Many men and women would like to experiment with sex toys during sex with their partner, but they are overcome by feelings of embarrassment about it. That’s okay to feel embarrassment, but that feeling is not going to allow you to fully explore and express intimacy with your partner. So, let’s look at some ways that might help you get over that.
Start Small
Pulling out Big Daddy Dong and going for it as if it’s a glass of ice water in the middle of Death Valley is probably going to be extremely intimidating for you and your partner for your “first time” with a sex toy. Start with something small and on the more conservative side. A bullet vibe is usually a great first choice, or a cockring for the men. Don’t worry about going all the way with it the first time you get it out. Just play around a bit with it, put it aside and pick it up some other time and slowly build with how adventurous you want to become with it.
Use the Surprise Element
“Guess what I brought home to play with Honey?” is a fun surprise. Use the sex toy on them first. A vibe can be used on a man partner without penetration and feels incredible if you combine it with oral or manual stimulation. Rub it right underneath their testicles or lightly play with it all over them. When they see how good it feels, they may want to return the favor.

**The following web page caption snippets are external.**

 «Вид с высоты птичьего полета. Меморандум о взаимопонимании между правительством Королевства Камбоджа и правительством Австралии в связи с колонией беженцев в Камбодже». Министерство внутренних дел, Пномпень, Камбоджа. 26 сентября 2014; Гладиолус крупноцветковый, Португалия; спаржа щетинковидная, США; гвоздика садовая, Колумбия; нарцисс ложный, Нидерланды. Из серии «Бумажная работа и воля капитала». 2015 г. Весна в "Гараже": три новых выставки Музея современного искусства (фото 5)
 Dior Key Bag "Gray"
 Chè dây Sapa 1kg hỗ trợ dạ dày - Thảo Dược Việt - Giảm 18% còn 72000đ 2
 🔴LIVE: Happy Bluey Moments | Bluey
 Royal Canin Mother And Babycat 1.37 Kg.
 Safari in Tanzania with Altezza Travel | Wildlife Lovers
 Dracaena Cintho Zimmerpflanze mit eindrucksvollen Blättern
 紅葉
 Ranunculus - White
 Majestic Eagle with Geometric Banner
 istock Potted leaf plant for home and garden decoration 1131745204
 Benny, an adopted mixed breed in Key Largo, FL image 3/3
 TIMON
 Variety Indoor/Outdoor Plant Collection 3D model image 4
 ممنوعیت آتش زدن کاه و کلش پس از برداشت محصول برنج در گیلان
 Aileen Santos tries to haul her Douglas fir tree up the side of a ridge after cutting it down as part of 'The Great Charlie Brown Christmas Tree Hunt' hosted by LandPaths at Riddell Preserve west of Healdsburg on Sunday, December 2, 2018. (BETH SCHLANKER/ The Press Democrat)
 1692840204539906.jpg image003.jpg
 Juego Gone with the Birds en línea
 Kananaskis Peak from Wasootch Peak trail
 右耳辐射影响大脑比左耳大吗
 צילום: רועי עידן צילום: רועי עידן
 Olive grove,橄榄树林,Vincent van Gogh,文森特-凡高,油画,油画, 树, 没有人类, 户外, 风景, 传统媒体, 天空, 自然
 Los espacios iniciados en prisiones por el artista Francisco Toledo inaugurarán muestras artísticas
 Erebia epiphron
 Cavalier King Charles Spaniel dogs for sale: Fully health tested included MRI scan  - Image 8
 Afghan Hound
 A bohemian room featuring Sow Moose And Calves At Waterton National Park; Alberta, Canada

Give it to Them to Use On You
Hand your sex toy to your partner and let them know you are really curious about what it’s like. Let them know that you’ve heard so much about how sex toys can really help couple’s add some variety and spice to their sex life, that you just want to check it out. Then let them figure out how to use it on you. You can let them know what feels good and what doesn’t, or make suggestions like “Try this, or try it that way”.
Remember, you don’t control what your body likes or doesn’t like, your body has it’s own idea. It’s honest and open to let your partner know what your body is feeling. There is no room for embarrassment if you are approaching it in a more scientific way. For example, your foot hurts if it gets stepped on and it feels good if someone rubs your shoulders. Are you in charge of that? Of course not. You are not in charge of your bodies sexual responses either. You are only in charge of how open and honest you are going to be about what your body responds to and doesn’t respond to. Work at deepening the openess and honesty in your relationship by allowing your partner to know how your body feels during sex toy play, or any other physical activities for that matter.
Be Playful!
Have some fun, using a sex toy isn’t brain surgery. Have a sense of humor and don’t be afraid to laugh or tease with it.
Bring out your sex toy to your partner and say “Honey, if this sex toy was you, here is what I’d want you to do to me.” Then show them what you like. “I would want you to touch me here, like this”, and “I would want you to do this to me.”, while physically showing them. For one part of that, your partner is going to get way turned on by the visual, for the second part, you are making it about them which will help take the focus off your feelings of embarrassment.
So, to sum it all up, be creative, start small, and keep your sense of humor. Sex toys are fun, it’s why they are called toys. You don’t have to start using them every time you have sex. They are meant to enhance sex, not replace what you are all ready doing. So, relax and have some fun. You may find that they open the door to whole new levels of intimacy and sexual satisfaction for both you and your partner.